Monitoring a Failover Manager Cluster

You can use either the Failover Manager efm cluster-status command or the PEM Client graphical interface to check the current status of a monitored node of a Failover Manager cluster.

Reviewing the Cluster Status Report

The efm cluster-status cluster properties file command returns a report that contains information about the status of the Failover Manager cluster. To invoke the command, enter:

# efm cluster-status <cluster_name>

The following status report is for a cluster named edb that has four nodes running:

 efm cluster-status efm
 Cluster Status: efm
 Agent Type Address Agent DB VIP
 -----------------------------------------------------
 Witness 172.19.12.170 UP N/A
 Master 172.19.13.105 UP UP 172.19.13.107\*
 Standby 172.19.13.113 UP UP 172.19.13.106
 Standby 172.19.14.106 UP UP 172.19.13.108
 Allowed node host list:
 172.19.12.170 172.19.13.113 172.19.13.105 172.19.14.106
 Membership coordinator: 172.19.12.170
 Standby priority host list:
 172.19.13.113 172.19.14.106
 Promote Status:
 DB Type Address WAL LSN Info
 -------------------------------------------------------
 Master 172.19.13.105 0/31000140
 Standby 172.19.13.113 0/31000140
 Standby 172.19.14.106 0/31000140
 Standby database(s) in sync with master. It is safe to promote.

[root@FOUR efm-3.5]}:

The Cluster Status section provides an overview of the status of the agents that reside on each node of the cluster:

Cluster Status: efm
Agent Type Address Agent DB VIP
-----------------------------------------------------
Witness 172.19.12.170 UP N/A
Master 172.19.13.105 UP UP 172.19.13.107\*
Standby 172.19.13.113 UP UP 172.19.13.106
Standby 172.19.14.106 UP UP 172.19.13.108

The asterisk (*) after the VIP address indicates that the address is available for connections. If a VIP address is not followed by an asterisk, the address has been associated with the node (in the properties file), but the address is not currently in use.

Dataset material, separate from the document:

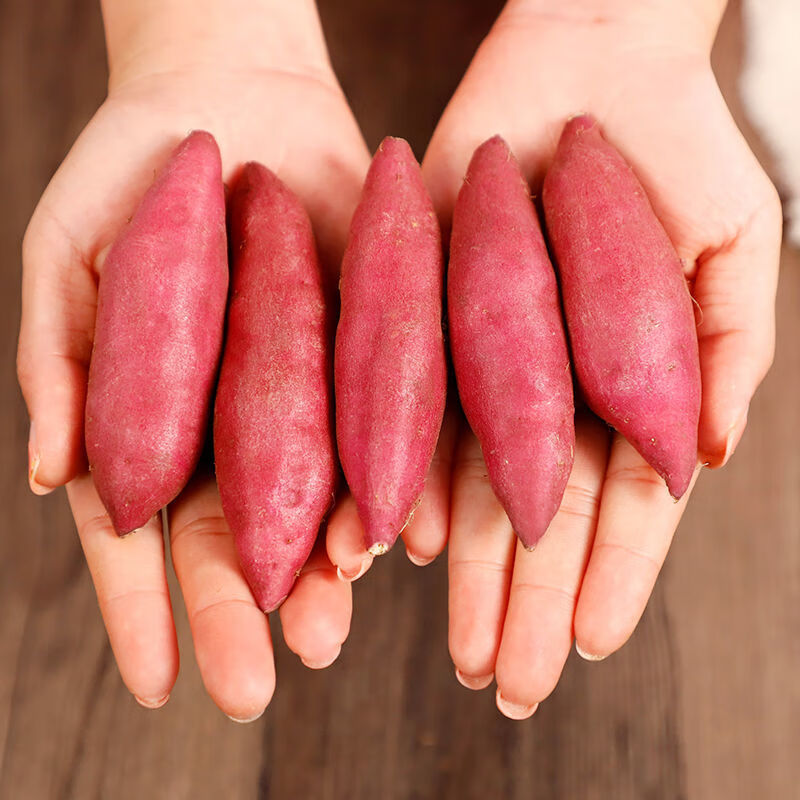 天目山小香薯5斤\/3斤手指迷你板栗地瓜山芋新鲜红薯 小香薯3斤(小个头)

Failover Manager agents provide the information displayed in the Cluster Status section.

The Allowed node host list and Standby priority host list provide an easy way to tell which nodes are allowed to join the cluster, and the promotion order of the nodes. The IP address of the Membership coordinator is also displayed in the report:

Allowed node host list:
172.19.12.170 172.19.13.113 172.19.13.105 172.19.14.106
Membership coordinator: 172.19.12.170
Standby priority host list:
172.19.13.113 172.19.14.106

The Promote Status section of the report is the result of a direct query from the node on which you are invoking the cluster-status command to each database in the cluster; the query also returns the transaction log location of each database.

Promote Status:
DB Type Address WAL LSN Info
-------------------------------------------------------
Master 172.19.13.105 0/31000140
Standby 172.19.13.113 0/31000140
Standby 172.19.14.106 0/31000140
Standby database(s) in sync with master. It is safe to promote.

If a database is down (or if the database has been restarted, but the resume command has not yet been invoked), the state of the agent that resides on that host will be Idle. If an agent is idle, the cluster status report will include a summary of the condition of the idle node:

Agent Type Address Agent DB VIP
-----------------------------------------------------
Idle 172.19.18.105 UP UP 172.19.13.105

Exit Codes

The cluster status process returns an exit code that is based on the state of the cluster:

  • An exit code of 0 indicates that all agents are running, and the databases on the Master and Standby nodes are running and in sync.

  • A non-zero exit code indicates that there is a problem. The following problems can trigger a non-zero exit code:

    A database is down or unknown (or has an idle agent).

    Failover Manager cannot decrypt the provided database password.

    There is a problem contacting the databases to get xlog locations.

    There is no Master agent.

    There are no Standby agents.

    One or more Standby nodes are not in sync with the Master.

Monitoring Streaming Replication with Postgres Enterprise Manager

If you use Postgres Enterprise Manager (PEM) to monitor your servers, you can configure the Streaming Replication Analysis dashboard (part of the PEM graphical interface) to display the state of a Master or Standby node that is part of a Streaming Replication scenario.

Monitoring EFM

The Streaming Replication dashboard (Master node)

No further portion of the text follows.